As I soon as I lay the cannoli from TINA AND VINCE'S on the conference-room table, Weekly calendar editor Tom Child began fidgeting. I didn't even have to look at the guy, and I knew some Pavlovian force was working through the hardest-working Weekling. Finally, Tom spoke. “What is that?” he wondered, in the tone kids use when assuming their inquiry about a foodstuff will lead to said foodstuff in their mouth within seconds.

“Cannoli,” I replied. “It's good.”

I planned to eat the Sicilian dessert by myself, but one bite was enough. It didn't help that I had just finished a Tina and Vince's Italian sub: ham, capicolla, salami, provolone and prosciutto bursting from a soft roll, the Latin equivalent of an edible pillow. But even if I had nothing in my stomach, finishing the cannoli was nigh-impossible. It was one of the biggest I'd ever seen east of Little Italy, more burrito than snack: rolled up, pastry shell slathered with thick chocolate, stuffed with a ricotta-cheese frosting that can cause instant diabetes in children and old folks. Eat one of these, and you'll never want any other sweet—and all this from only one bite.

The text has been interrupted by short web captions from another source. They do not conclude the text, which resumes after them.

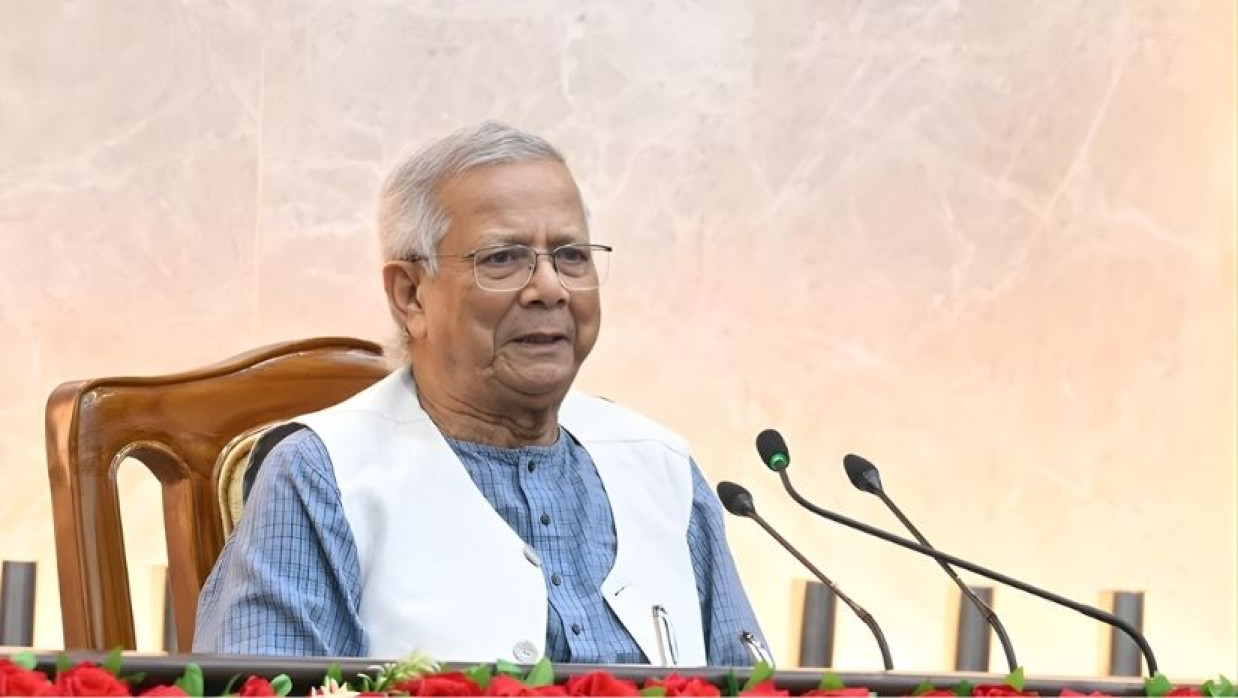 বক্তব্য রাখছেন প্রধান উপদেষ্টা ড. মুহাম্মদ ইউনূস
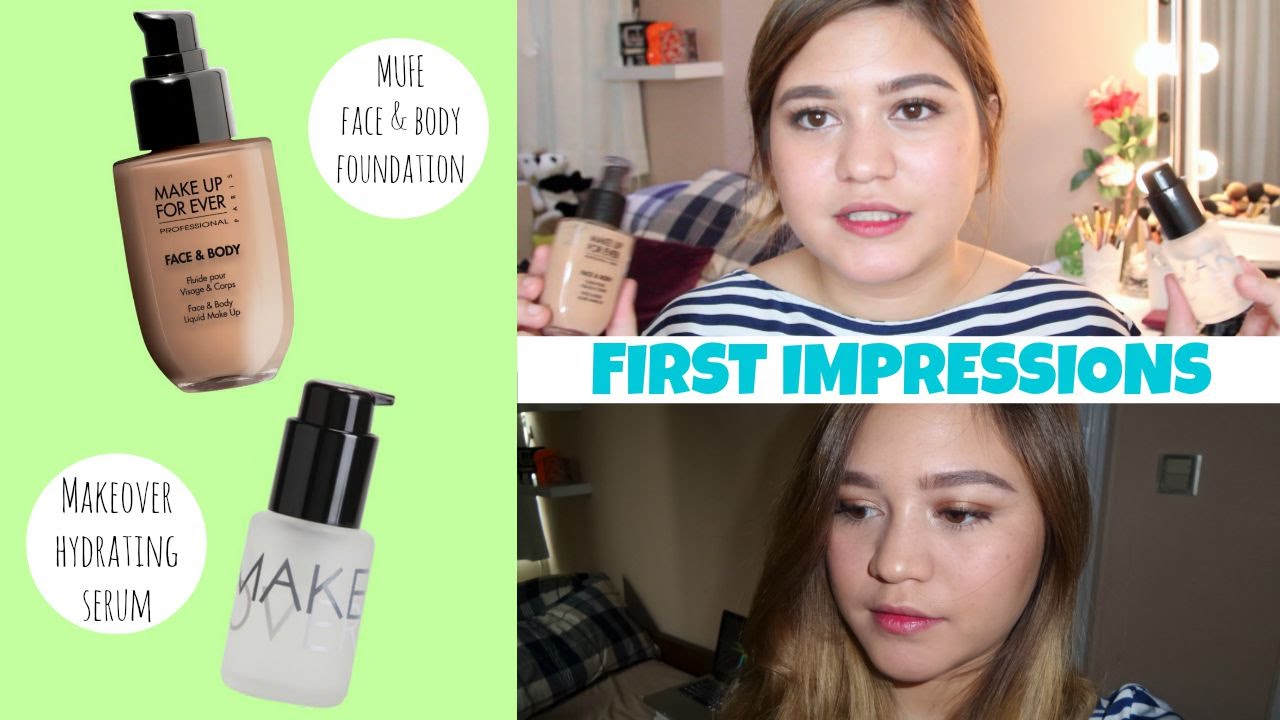 First impressions MUFE & Makeover | SarahAyu
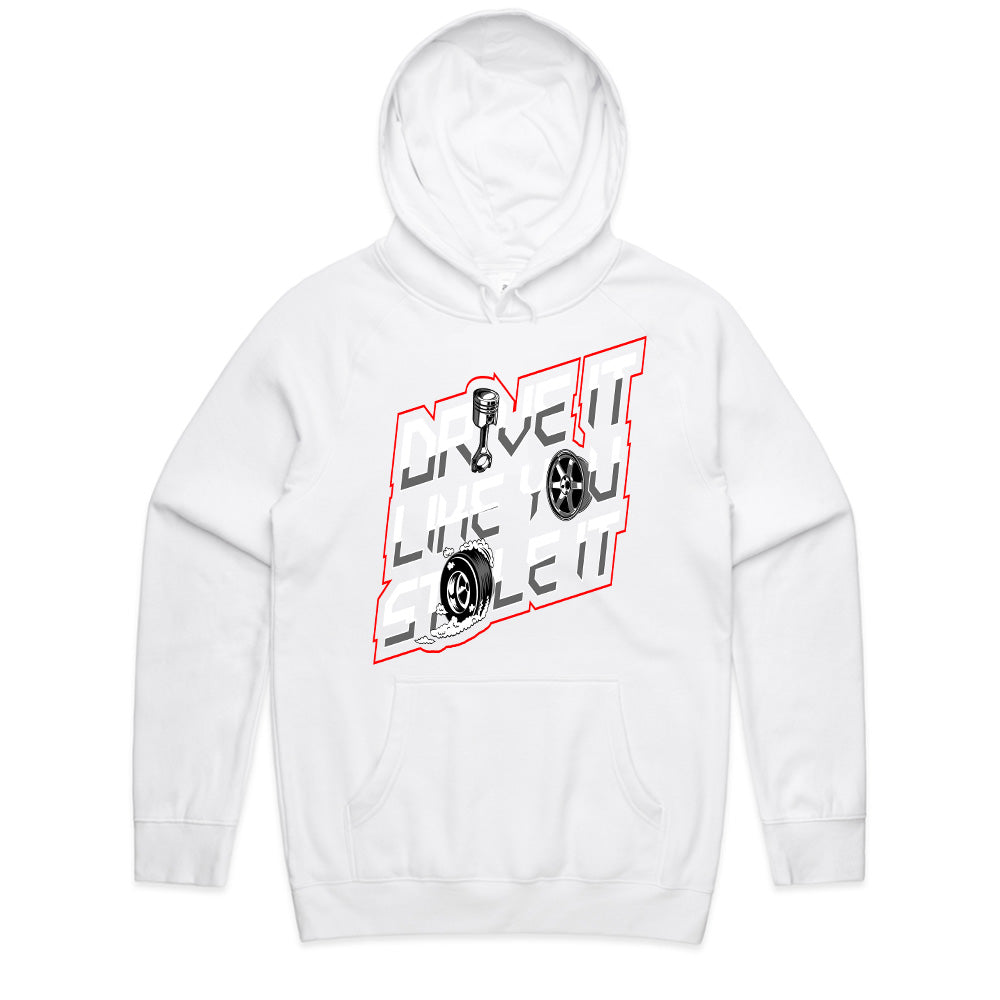 Drive It Like You Stole It T-Shirt — Full Throttle Edition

Just a nibble of anything at Tina and Vince's will satisfy your hunger more easily than half of the restaurants in Orange County. The tiny deli is an anomaly in downtown San Clemente, an honest-to-goodness ethnic shop in a city devoted to whitewashing anything that reeks of minority. The menu is limited—pizzas, sandwiches and lasagna—and purposely so. Tina and Vince's specializes in selling ingredients so you lazy bums can create Italian meals. Proper Italian tomato paste? Here. Muffuletta spread? In jars, as well as inside some of the Italian subs. Imported beers and candies? Get the chewy almond-nougat confection with the statue of Renaissance-era Italian nobleman Ferrante Gonzaga standing over a vanquished guy representing Envy. Italian cookies and breads baked that day? All of them delicious. A deli counter keeps massive balls of cheese, gnarled sausages and enough antipasti to make Italian grandmothers irrelevant. They even stock homemade pastas in the fridge, everything from potato gnocchi to ravioli and about a half-dozen others. Take it from this sloth: Tina and Vince's pastas will make your Trader Joe's dinner seem as tasteless as what you'd get at Fazoli's.

But back to the cannoli. After our staff meeting, I invited everyone to finish it off. Strangely, no one grabbed for it. The conference room emptied; Tom lingered. “Want some of the cannoli?” I asked. His eyes widened, and he grabbed the dessert. He ate the whole thing over the course of the day. Hey, bastard—I said some.